When he breathes in it feels like ice in his lungs.
"What are you even doing?" Dan asks.
He stands in the doorway to the lounge, rubbing his sleepy eyes. His mouth is petulant, slightly annoyed.
"I had a dream," Phil says. Why is his voice so hoarse? "I woke up crying."
The petulance flickers out of existance, replaced by something like understanding, something earned over the years.
Phil has these dreams, sometimes.
He can see the window from where he sits. That's why he's sitting here, on the floor in their lounge. Outside is the city and the stars and inside is home and and Dan. This is real, it is all real, even when his mind whispers things that he thought were real while he slept.
Dan disappears from sight. Phil hears him in the kitchen, hears his footsteps.
They're real.
It's not like he doubts the reality of it, exactly. It's just that sometimes he feels like maybe there are two worlds. Maybe there are more than two worlds. Maybe there are worlds in his dreams and they're just as real, too.
Dan, drowning, far away. His mum, disappointed. He can't even remember what was literal and what is just a feeling etched into his brain and his heart.
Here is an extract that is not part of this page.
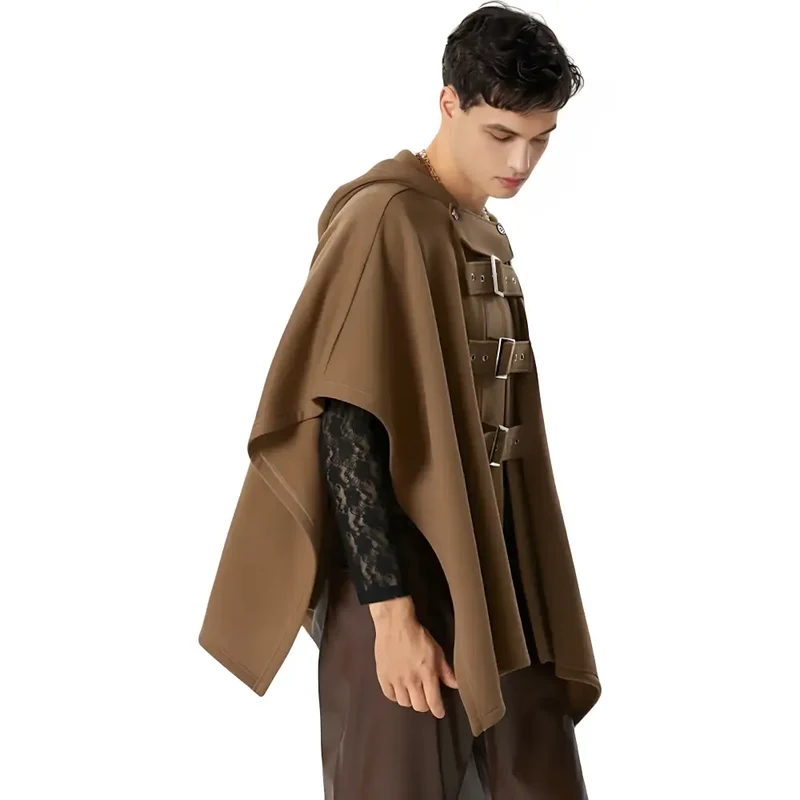 Poncho capuche hommes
They're all ghost memories now.
He shudders hard. That was not real. This is real. But if the outcome matters more than the process, then how he feels right now lends reality to the dream, and that's where his mind starts to scatter in a hundred directions again, each its own 'if' or 'maybe.')
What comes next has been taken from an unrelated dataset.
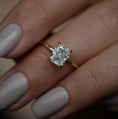 Load image into Gallery viewer, 1.53 CT Radiant Lab Diamond Solitaire Ring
Dan comes back. "Tea's on," he says, and then drops a blanket around Phil's shoulders.
"Your new one," Phil says, reaching a hand out to stroke the faux fur. He turns his cheek against it.
Dan sits in the chair by where Phil is perched on the floor. "You're only borrowing it," Dan says.
Phil turns his body so he can rest his head against Dan's leg. His whole body is heavy and tired. The sun will be up soon and they only went to bed a few hours ago.
"Coming after my brand, aren't you?" Dan asks. He starts to stroke Phil's hair. It feels nice and comforting. Dan's hands are not cold, but they are real. "Up all hours of the night, finding strange places to have your crisis."
"Not a crisis," Phil says. It isn't - not in the way Dan always says. Phil is not at odds with himself from within. It's everything else he feels at odds with. He can laugh off a lifetime of worry while his eyes are open but the minute he needs them to close everything is in revolt. He can't sleep and when he can it's this, it's dreams that are too real and too bright, that prick him like a needle on his fingertip.
He reaches up and grabs Dan's hand. He wants to leech the warmth from it.
"You should go back to sleep," Phil says.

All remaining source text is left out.